After the line containing "Удобрение жидкое Щелково", copy nothing more; up to and including it, copy every line of the listing exactly from the first, leaving out the pictures.

> [GIVEN DATA]
—————

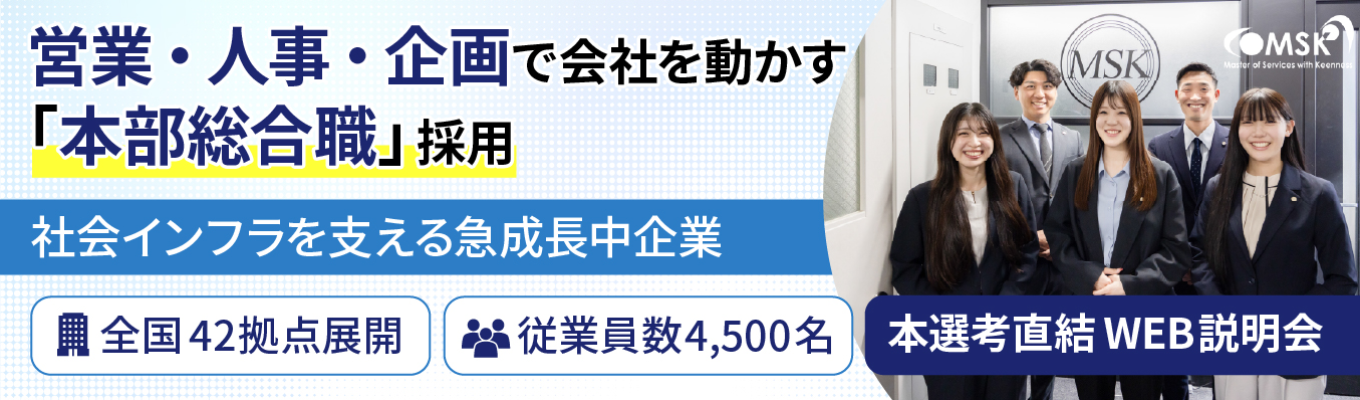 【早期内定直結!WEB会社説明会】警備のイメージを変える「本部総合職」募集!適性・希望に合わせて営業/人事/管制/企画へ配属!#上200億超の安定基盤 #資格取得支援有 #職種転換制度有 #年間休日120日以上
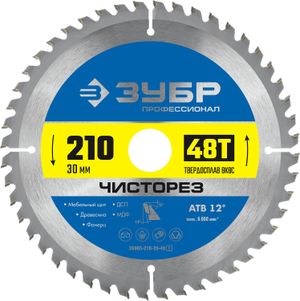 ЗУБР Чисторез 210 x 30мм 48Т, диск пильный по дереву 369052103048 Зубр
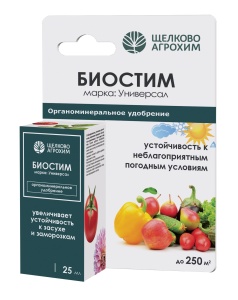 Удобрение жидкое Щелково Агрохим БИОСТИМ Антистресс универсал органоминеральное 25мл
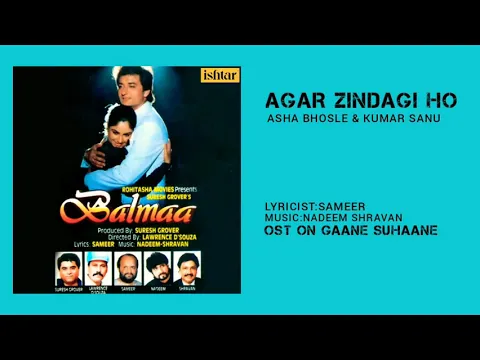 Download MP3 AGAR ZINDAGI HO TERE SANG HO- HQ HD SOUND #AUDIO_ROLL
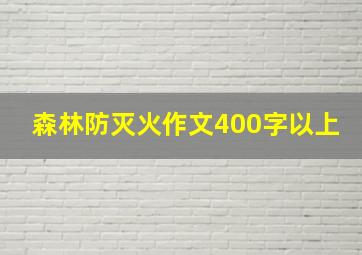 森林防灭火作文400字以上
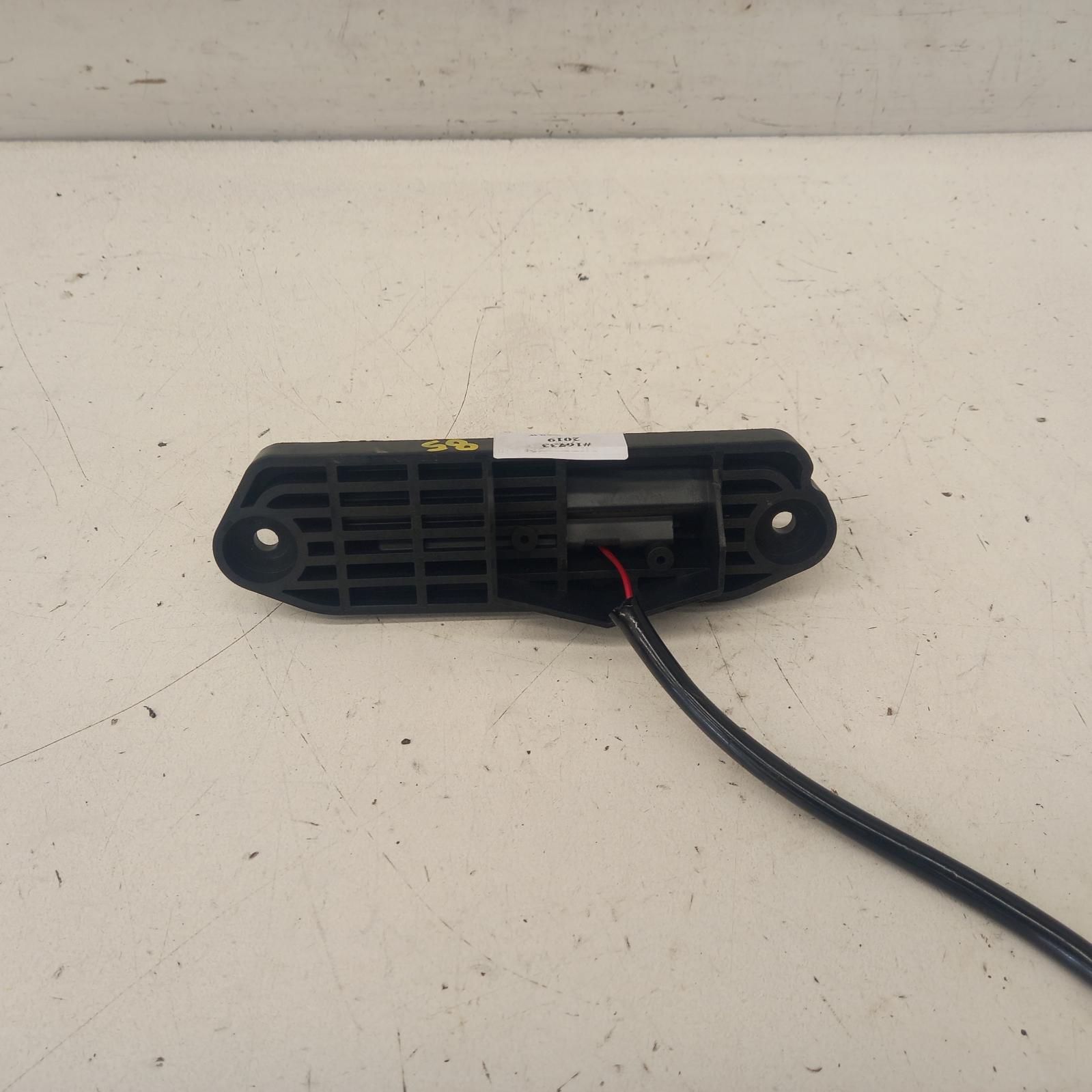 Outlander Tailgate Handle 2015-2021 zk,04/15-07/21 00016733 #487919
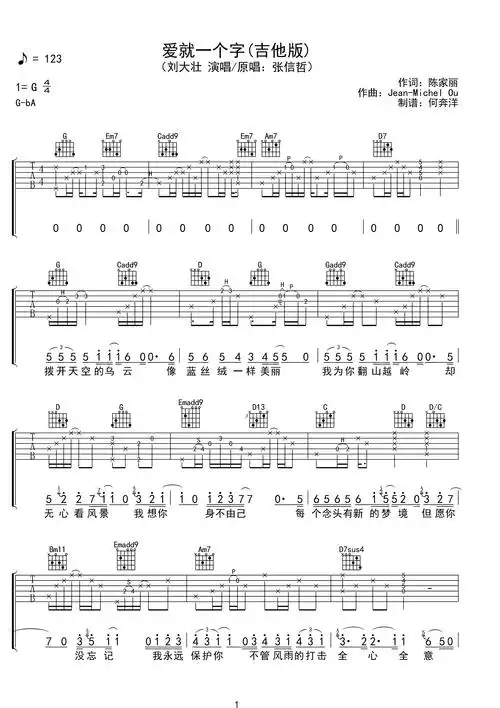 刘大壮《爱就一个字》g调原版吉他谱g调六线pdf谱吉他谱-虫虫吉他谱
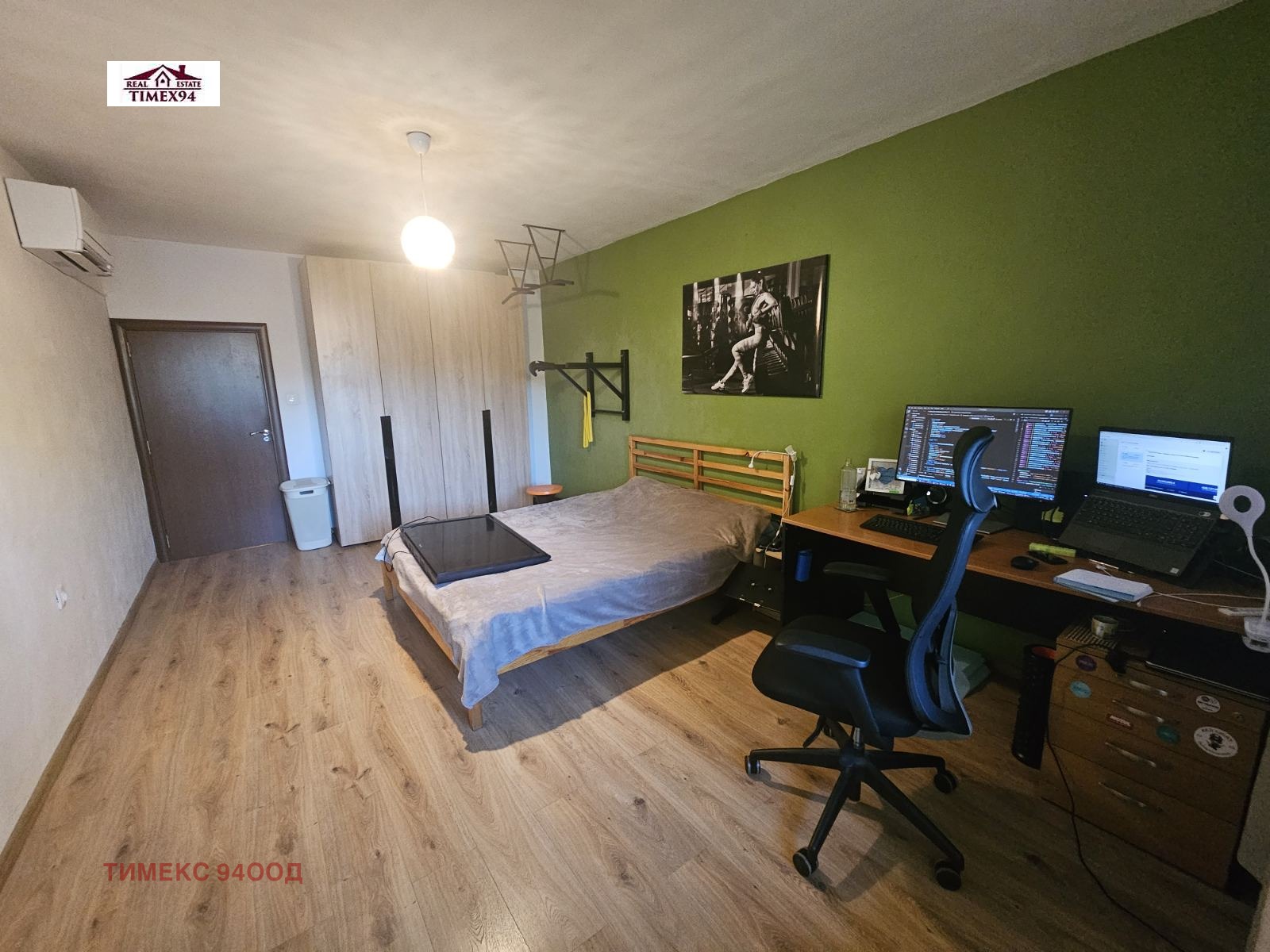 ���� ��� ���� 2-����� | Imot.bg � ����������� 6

—————

> [RESULT OF THIS TASK]
 【早期内定直結!WEB会社説明会】警備のイメージを変える「本部総合職」募集!適性・希望に合わせて営業/人事/管制/企画へ配属!#上200億超の安定基盤 #資格取得支援有 #職種転換制度有 #年間休日120日以上
 ЗУБР Чисторез 210 x 30мм 48Т, диск пильный по дереву 369052103048 Зубр
 Удобрение жидкое Щелково Агрохим БИОСТИМ Антистресс универсал органоминеральное 25мл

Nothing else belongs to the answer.